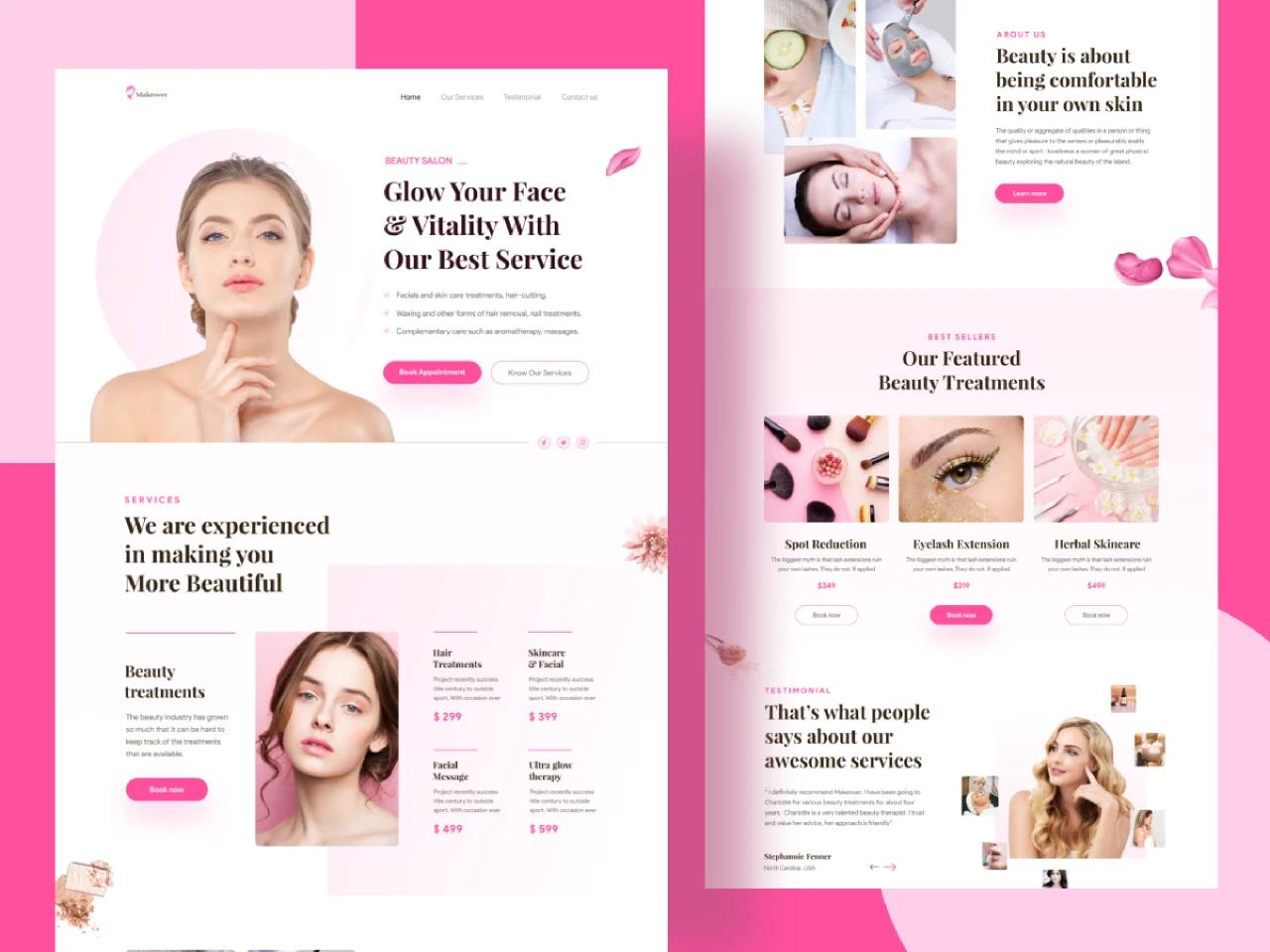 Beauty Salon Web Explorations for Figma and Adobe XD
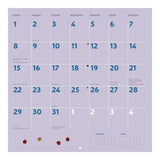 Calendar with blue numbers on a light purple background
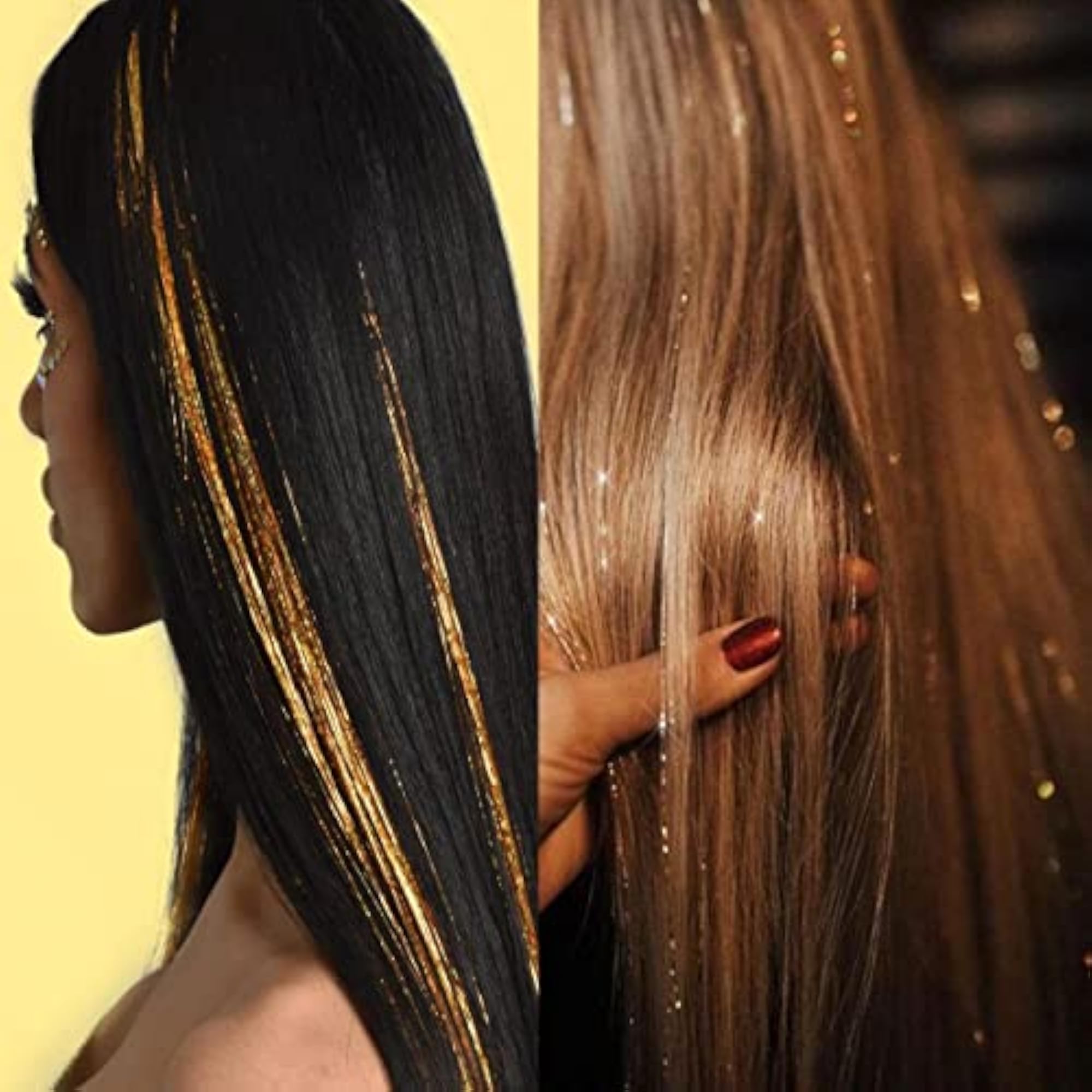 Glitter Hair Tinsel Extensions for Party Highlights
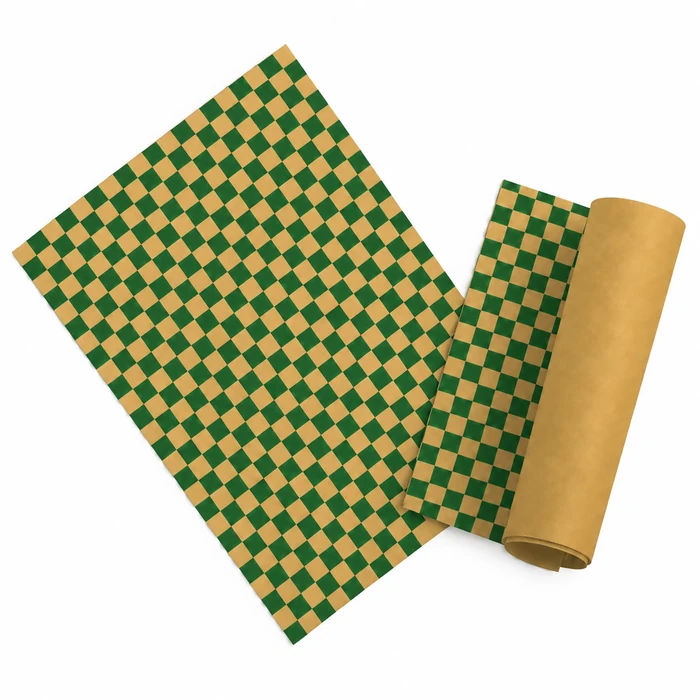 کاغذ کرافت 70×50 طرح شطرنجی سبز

==

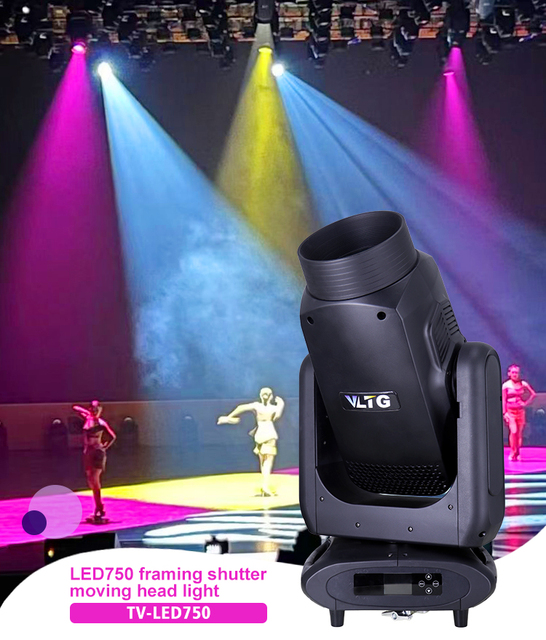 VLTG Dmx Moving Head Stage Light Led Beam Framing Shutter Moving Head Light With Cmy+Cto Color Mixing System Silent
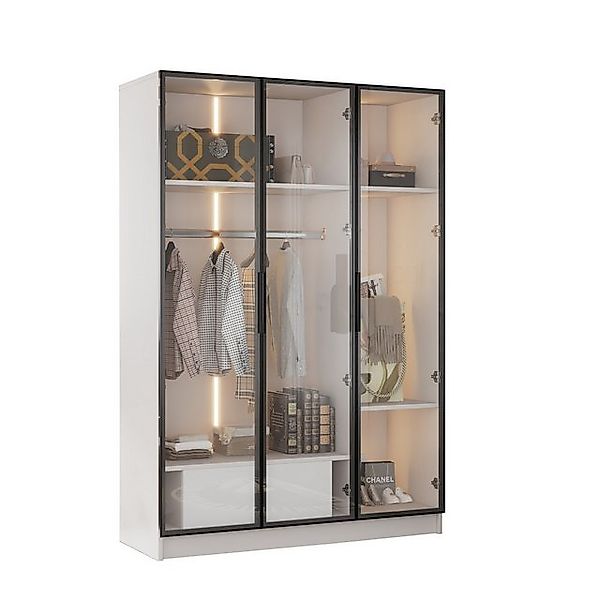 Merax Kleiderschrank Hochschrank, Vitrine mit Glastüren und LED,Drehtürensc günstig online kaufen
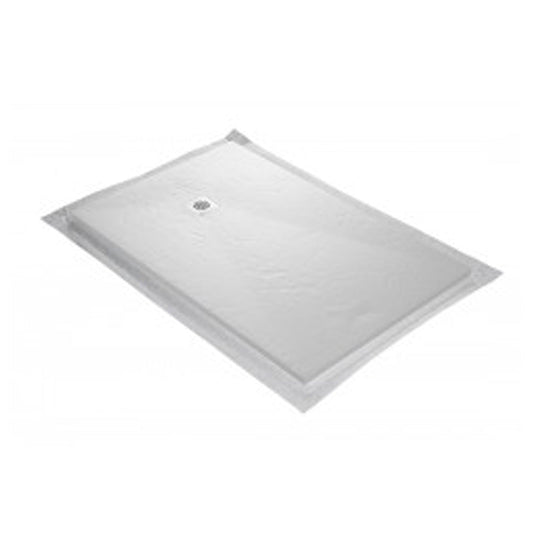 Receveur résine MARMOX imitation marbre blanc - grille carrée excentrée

...

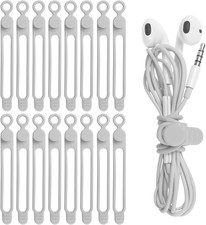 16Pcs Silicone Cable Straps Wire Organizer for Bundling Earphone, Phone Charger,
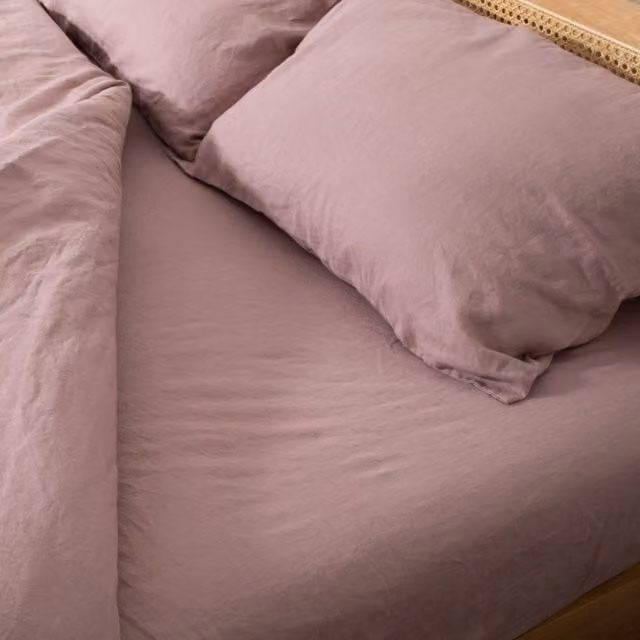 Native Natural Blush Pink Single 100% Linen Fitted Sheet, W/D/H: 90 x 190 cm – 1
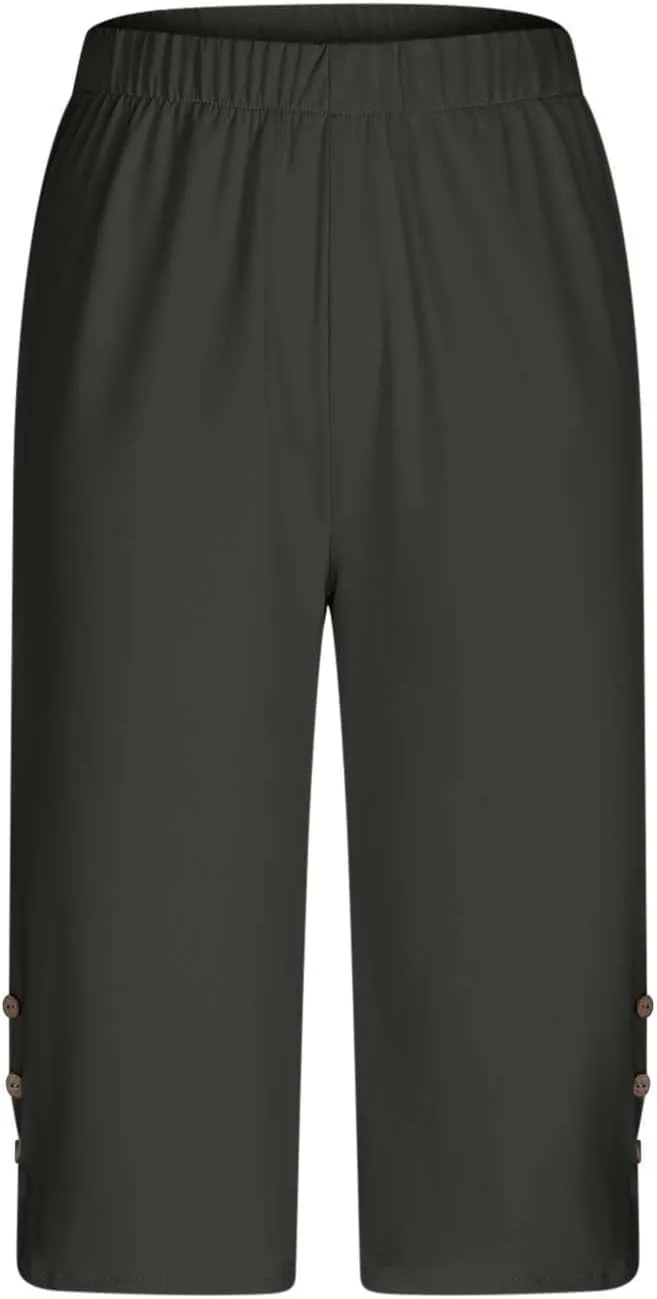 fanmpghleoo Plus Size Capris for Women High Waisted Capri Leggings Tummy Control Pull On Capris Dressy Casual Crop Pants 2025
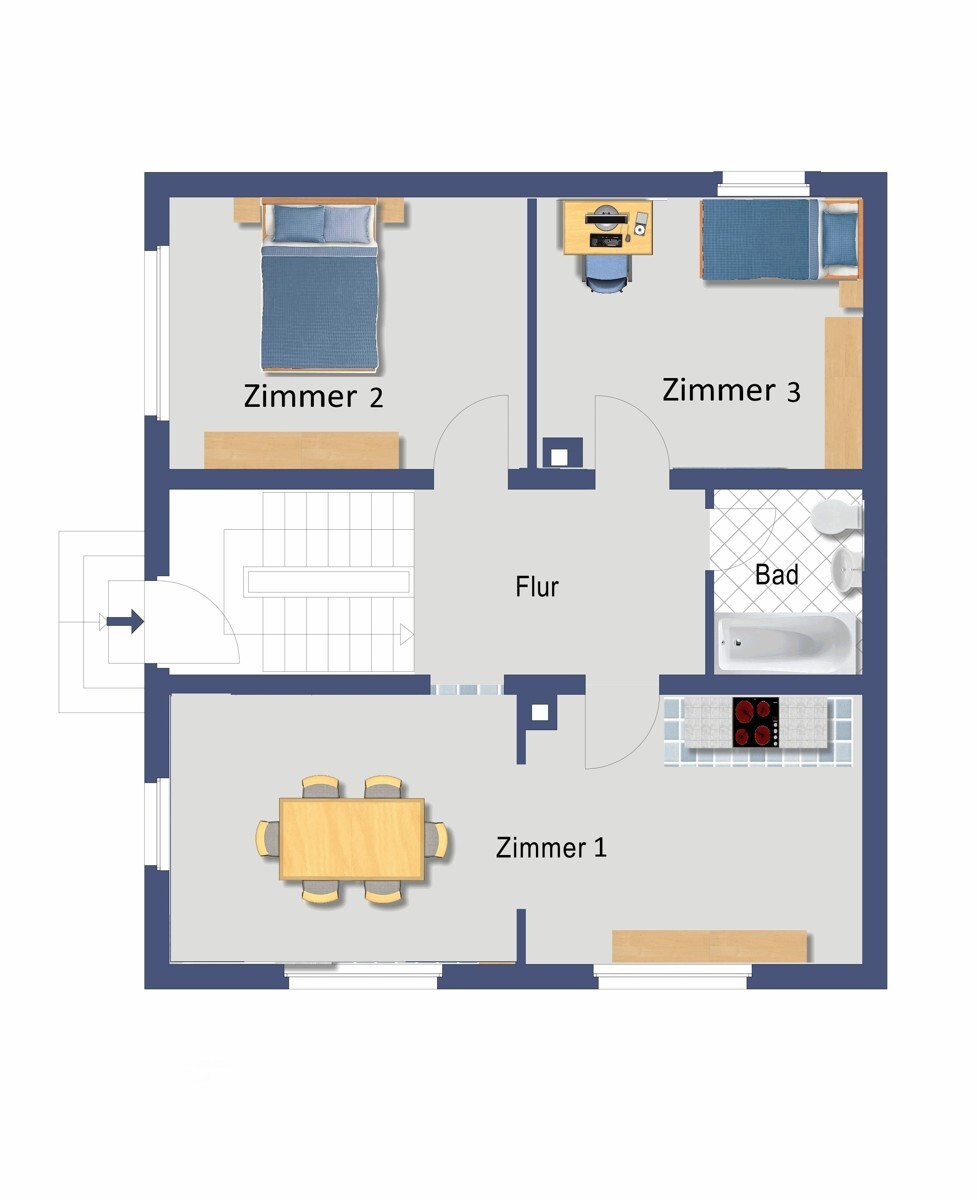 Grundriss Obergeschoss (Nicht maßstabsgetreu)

Task statement:
Leaving out each picture, repeat exactly the lines above from the one that contains "Native Natural Blush" through the one that contains "Grundriss Obergeschoss (Nicht".

Written response:
 Native Natural Blush Pink Single 100% Linen Fitted Sheet, W/D/H: 90 x 190 cm – 1
 fanmpghleoo Plus Size Capris for Women High Waisted Capri Leggings Tummy Control Pull On Capris Dressy Casual Crop Pants 2025
 Grundriss Obergeschoss (Nicht maßstabsgetreu)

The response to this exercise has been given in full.